The casting is inevitable.  The '<' operator is not defined for
anything smaller than int, so the compiler will widen any byte or
short operands to int anyway.

Also, OP, why does the casting bother you? It takes no additional
source code and doesn't have a speed penalty.

For further insight, check out the JLS on numeric promotions and
binary numeric conversions.
 
R

Roedy Green

Also, OP, why does the casting bother you? It takes no additional
source code and doesn't have a speed penalty.

Would you not write

byte c = (byte) Math.min ( a, b );

How do you pull it off without additional source code, namely the
(byte)?
 
L

Lew

Would you not write

byte c  = (byte) Math.min ( a, b );

How do you pull it off without additional source code, namely the
(byte)?

Very good point, if you are assigning the result back to a byte
variable.

However, for other uses you might not need the cast back to byte. For
example, if the result is used in another step then it likely would be
widened to int again anyway, so you'd leave it there.

E.g.,
if ( Math.min( a, b ) > 0 ) ...

In this case, you would not bother casting the 'min()' result back to
byte.
 
P

Philipp

     The inventors of java.lang.Math *could* have provided
byte-valued overloads of min, max, etc:
     I guess they just didn't feel it was important enough.

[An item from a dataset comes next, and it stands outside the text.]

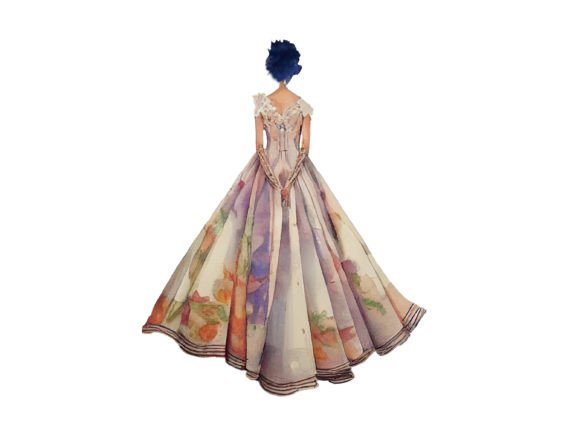 Watercolor Wedding Dress PNG Clipart: Elegant Design Asset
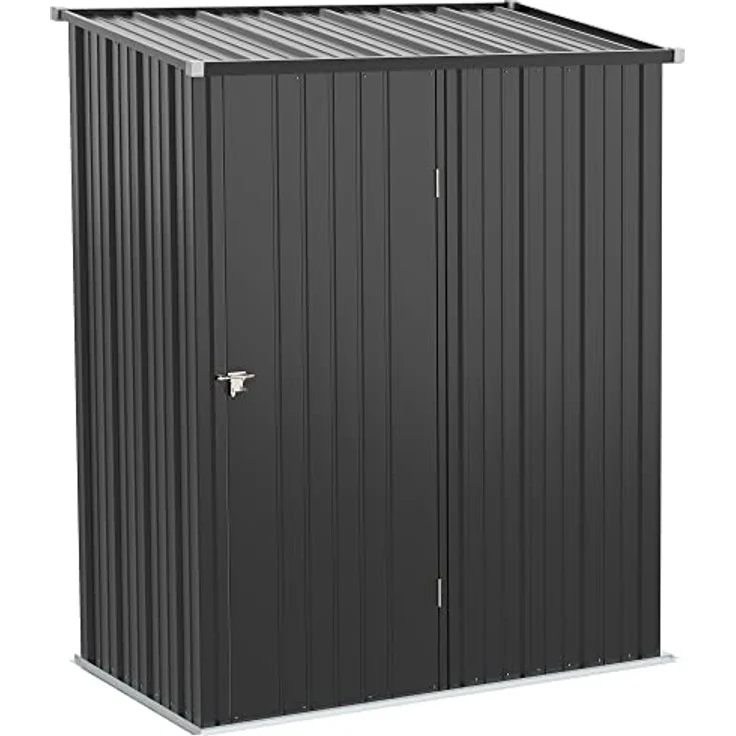 Outsunny Gerätehaus mit Pultdach 1,34 m² Gartenhaus Geräteschuppen Abschließbarer Geräteschrank verzinkter Stahl Schwarz 161,5 x 94,5 x 196 cm – Bild 1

Hmm. Oh well. They provided it for double float int and long. I guess
they could have made the effort to type the three missing ones eh?
If they were wrong in the O.P.'s view, he can always write
his own min/max methods for byte and short.

That's what I obviously did.

Thanks for your asnwers anyway.
(I thought there was some more elaborate logic below this than "they
didn't feel like it")
Phil
 
P

Patricia Shanahan

Philipp said:
Hmm. Oh well. They provided it for double float int and long. I guess
they could have made the effort to type the three missing ones eh?

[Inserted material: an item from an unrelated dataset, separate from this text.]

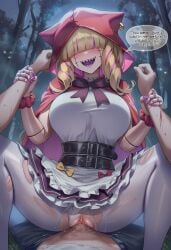 1boy 1girls ai_generated big_breasts chaperomon cloak clothing_aside cowgirl_position deep_penetration digimon digimon_(species) doll doll_girl doll_joints dominant_female dress english english_text evil_smile facing_viewer female female_penetrated femdom forced from_below hair_over_eyes large_breasts laughing looking_at_viewer looking_down male male/female male_penetrating male_pov male_rape_victim malesub nokani panties panties_aside pantyhose puppet pussy pussy_juice rape reverse_rape self_upload sharp_teeth smug submissive_male submissive_pov talking talking_to_viewer text thick_thighs threatening threatening_viewer torn_clothes torn_pantyhose vaginal_penetration vaginal_sex white_panties white_pantyhose wide_hips wrist_grab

I think it may be a matter of consistency with arithmetic promotion. The
four types that are supported are the four types in which a Java
implementation does arithmetic.

Patricia
 
D

Daniel Pitts

Eric said:
I guess they just didn't feel it was important enough.
If they were wrong in the O.P.'s view, he can always write
his own min/max methods for byte and short. For char and
boolean, too, if it suits his fancy (can't use `<' and `>'
on booleans, but Java has other operators to fill the bill).

public static boolean min(boolean a, boolean b) { return a & b; }
public static boolean max(boolean a, boolean b) { return a | b; }

The usefulness of this? I don't know. Actually, technically, boolean
values don't have an intrinsic ordering.
B={tautology, contradiction} isn't an ordered set.
 
M

Mark Space

Roedy said:
Would you not write

byte c = (byte) Math.min ( a, b );

How do you pull it off without additional source code, namely the
(byte)?

I think it's been mentioned here on this list that the JVM and the
language spec require bytes to be promoted to ints for any kind of
arithmetic or logical operation. The Java language merely implements
what is possible on current JVMs in this respec. There is no operation
for comparing bytes in JVMs, so you might as well promote then cast it,
because that's what the JVM is going to do.

Whether it's truly correct for Java to follow the JVM capabilities so
closely in this regard is another debate. I think that's why there are
no byte or char versions of min or max.
 
M

Mark Space

Eric said:
Unnh, what? The result of the comparison is not an int,
but a boolean, and you almost certainly don't want to cast the
boolean to something else.

Oops, yeah I totally missed that. Thanks.